The 16th-century Tridentine Mass -- which includes references to "perfidious" Jews and other anti-Jewish slurs -- was abandoned in 1969 and replaced with liturgy in local languages in a bid to make worship more accessible to most churchgoers. But the Pope announced on Thursday that a long-awaited document liberalising the use of the Mass, which many clergy fear will also harm the Church's relations with Jews, Muslims, and other Christian denominations, will be released next week. The Rev Keith Pecklers, a Jesuit liturgical expert, said: "The real issue here is not limited to liturgy but has wider implications for church life." He added that proponents of the old Mass "tend to oppose the laity's increased role in parish life... collaboration with other Christians and its dialogue with Jews and Muslims".

Cardinal Cormac Murphy-O'Connor, the leader of the Roman Catholic Church in England and Wales, told the Pope that no changes are needed, and there have been months of heated debate about the impending statement within the uppoer echelons of the Church.
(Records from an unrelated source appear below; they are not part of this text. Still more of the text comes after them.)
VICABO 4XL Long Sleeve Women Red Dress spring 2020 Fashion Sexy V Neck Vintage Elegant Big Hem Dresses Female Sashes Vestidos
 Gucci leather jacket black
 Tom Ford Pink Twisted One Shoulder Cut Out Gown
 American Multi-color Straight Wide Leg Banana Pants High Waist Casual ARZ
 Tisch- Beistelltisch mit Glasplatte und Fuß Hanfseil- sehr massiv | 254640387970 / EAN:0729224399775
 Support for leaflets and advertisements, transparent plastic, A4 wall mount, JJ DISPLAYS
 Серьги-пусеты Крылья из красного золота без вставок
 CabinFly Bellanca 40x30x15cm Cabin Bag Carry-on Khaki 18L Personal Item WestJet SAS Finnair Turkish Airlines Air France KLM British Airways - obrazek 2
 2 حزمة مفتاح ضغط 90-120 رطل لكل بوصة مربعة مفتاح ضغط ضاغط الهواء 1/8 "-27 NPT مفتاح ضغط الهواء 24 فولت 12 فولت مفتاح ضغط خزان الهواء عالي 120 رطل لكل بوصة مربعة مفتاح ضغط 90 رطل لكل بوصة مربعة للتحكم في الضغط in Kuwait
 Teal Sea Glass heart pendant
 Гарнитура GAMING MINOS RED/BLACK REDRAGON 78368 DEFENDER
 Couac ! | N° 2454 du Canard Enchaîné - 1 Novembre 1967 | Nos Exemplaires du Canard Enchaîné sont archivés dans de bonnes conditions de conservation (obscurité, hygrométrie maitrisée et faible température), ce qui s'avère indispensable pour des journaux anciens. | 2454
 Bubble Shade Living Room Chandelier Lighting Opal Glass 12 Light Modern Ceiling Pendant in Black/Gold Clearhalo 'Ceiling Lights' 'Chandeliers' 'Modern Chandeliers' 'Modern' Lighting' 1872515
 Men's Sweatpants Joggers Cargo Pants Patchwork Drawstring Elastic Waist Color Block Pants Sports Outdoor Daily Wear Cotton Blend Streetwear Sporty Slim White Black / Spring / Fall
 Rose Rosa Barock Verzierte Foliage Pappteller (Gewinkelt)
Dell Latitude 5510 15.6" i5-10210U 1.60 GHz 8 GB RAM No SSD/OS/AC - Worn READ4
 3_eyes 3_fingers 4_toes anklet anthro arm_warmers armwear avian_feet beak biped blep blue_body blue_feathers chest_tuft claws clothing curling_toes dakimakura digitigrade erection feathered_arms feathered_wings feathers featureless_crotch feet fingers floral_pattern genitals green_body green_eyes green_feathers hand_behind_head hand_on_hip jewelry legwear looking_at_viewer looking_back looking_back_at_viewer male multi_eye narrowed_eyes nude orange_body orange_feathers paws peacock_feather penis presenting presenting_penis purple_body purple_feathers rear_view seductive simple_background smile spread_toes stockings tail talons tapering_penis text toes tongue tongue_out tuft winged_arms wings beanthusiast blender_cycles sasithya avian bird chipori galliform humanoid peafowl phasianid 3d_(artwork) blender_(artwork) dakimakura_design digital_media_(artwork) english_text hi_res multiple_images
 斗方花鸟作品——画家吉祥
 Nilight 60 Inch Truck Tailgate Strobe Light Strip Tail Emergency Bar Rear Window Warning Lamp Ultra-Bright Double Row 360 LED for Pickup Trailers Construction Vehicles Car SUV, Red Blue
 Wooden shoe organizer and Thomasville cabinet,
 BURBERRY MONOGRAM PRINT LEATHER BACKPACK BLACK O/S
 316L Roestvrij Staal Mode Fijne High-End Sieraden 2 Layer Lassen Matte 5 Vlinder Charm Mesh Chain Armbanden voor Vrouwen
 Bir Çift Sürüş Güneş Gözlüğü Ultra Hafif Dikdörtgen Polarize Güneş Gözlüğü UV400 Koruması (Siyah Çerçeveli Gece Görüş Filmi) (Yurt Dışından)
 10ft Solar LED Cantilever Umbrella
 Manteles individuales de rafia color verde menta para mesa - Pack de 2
Cardinals, bishops and Jewish leaders are concerned about passages in the Mass, recited every Good Friday, which say Jews live in "blindness" and "darkness", and pray that "the Lord our God may take the veil from their hearts and that they also may acknowledge our Lord Jesus Christ".

In the 1997 book "Salt of the Earth" Benedict said it was "downright indecent" for people who are still attached to the old rite to be denied it.

"I am of the opinion, to be sure, that the old rite should be granted much more generously to all those who desire it," then-Cardinal Joseph Ratzinger said. "It's impossible to see what could be dangerous or unacceptable about that."

Pope Benedict's move is widely seen as an attempt to reach out to an ultra- traditionalist and schismatic group, the Society of St Pius X, and bring it back into the Vatican fold.